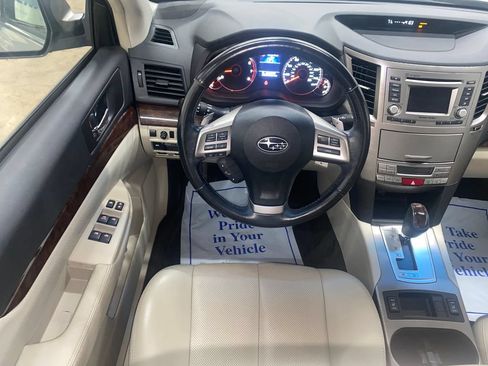 Used 2014 Subaru Legacy 2.5i Limited w/ Moonroof Package AWD/4WD image 23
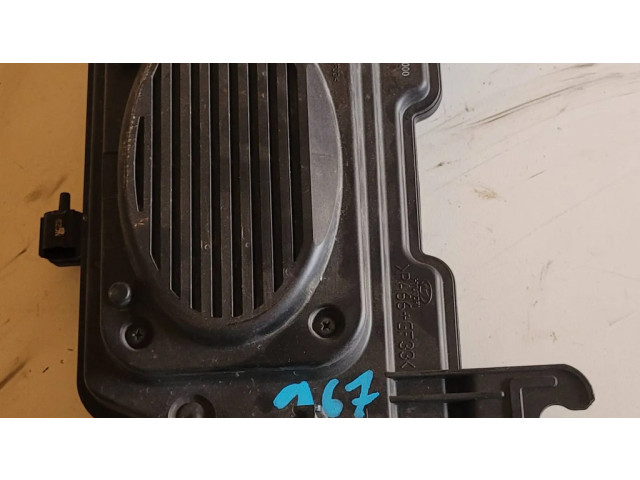 Громкоговоритель в панели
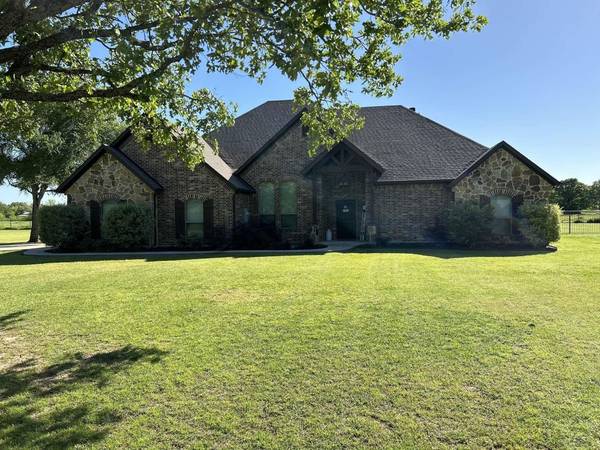 5037 Country Meadows Drive,  Terrell,  TX 75160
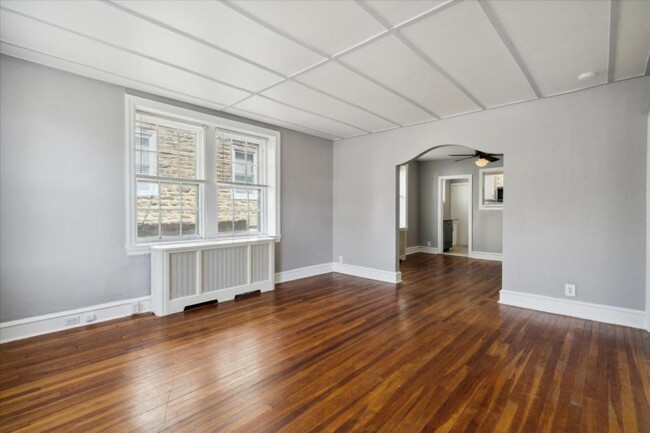 Foto del edificio - 7005-07 McCallum St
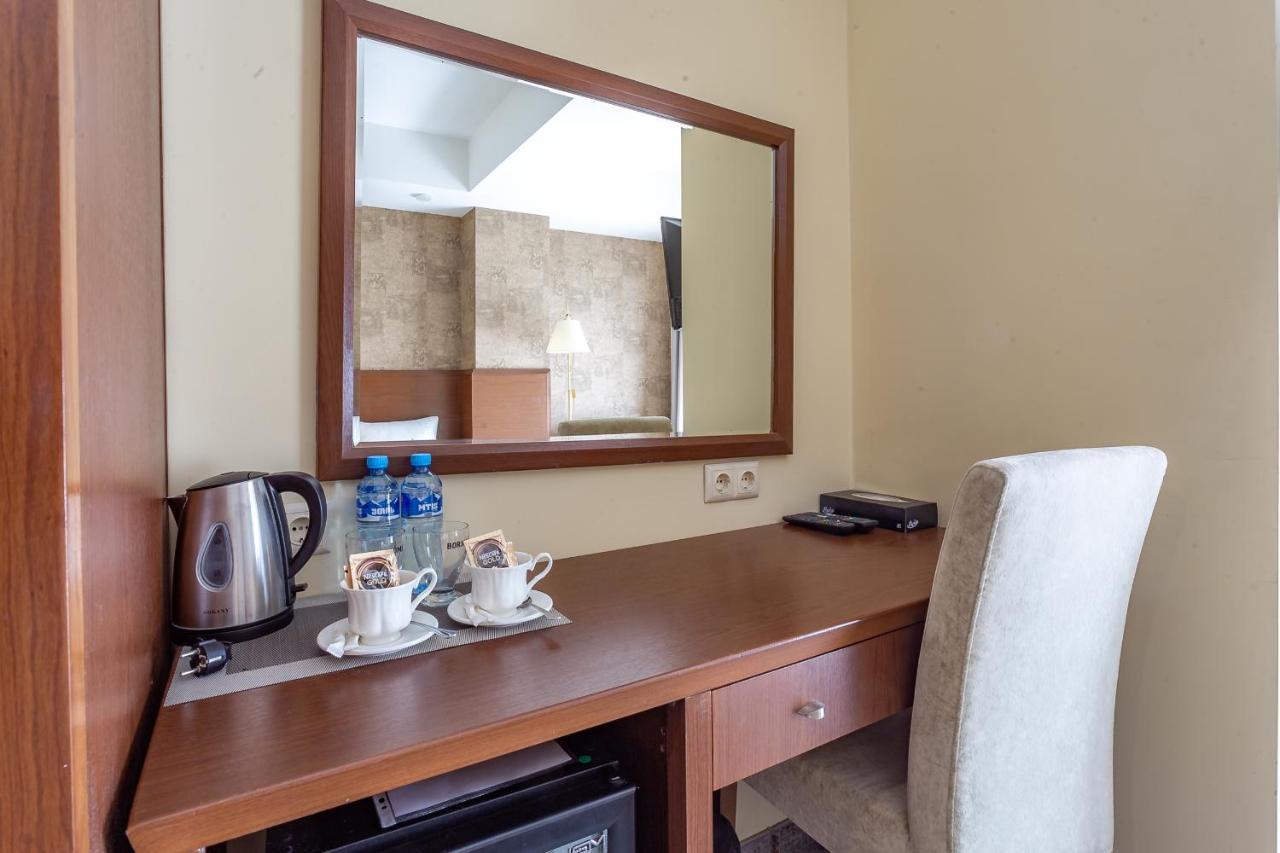 A5 Hotel Tiflis Exterior foto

- - - -

Work order. Reproduce exactly, and only, the part of the entries above that runs from the line with "5037 Country Meadows" to the last line, both included. Pictures stay out.

Written reply.
 5037 Country Meadows Drive,  Terrell,  TX 75160
 Foto del edificio - 7005-07 McCallum St
 A5 Hotel Tiflis Exterior foto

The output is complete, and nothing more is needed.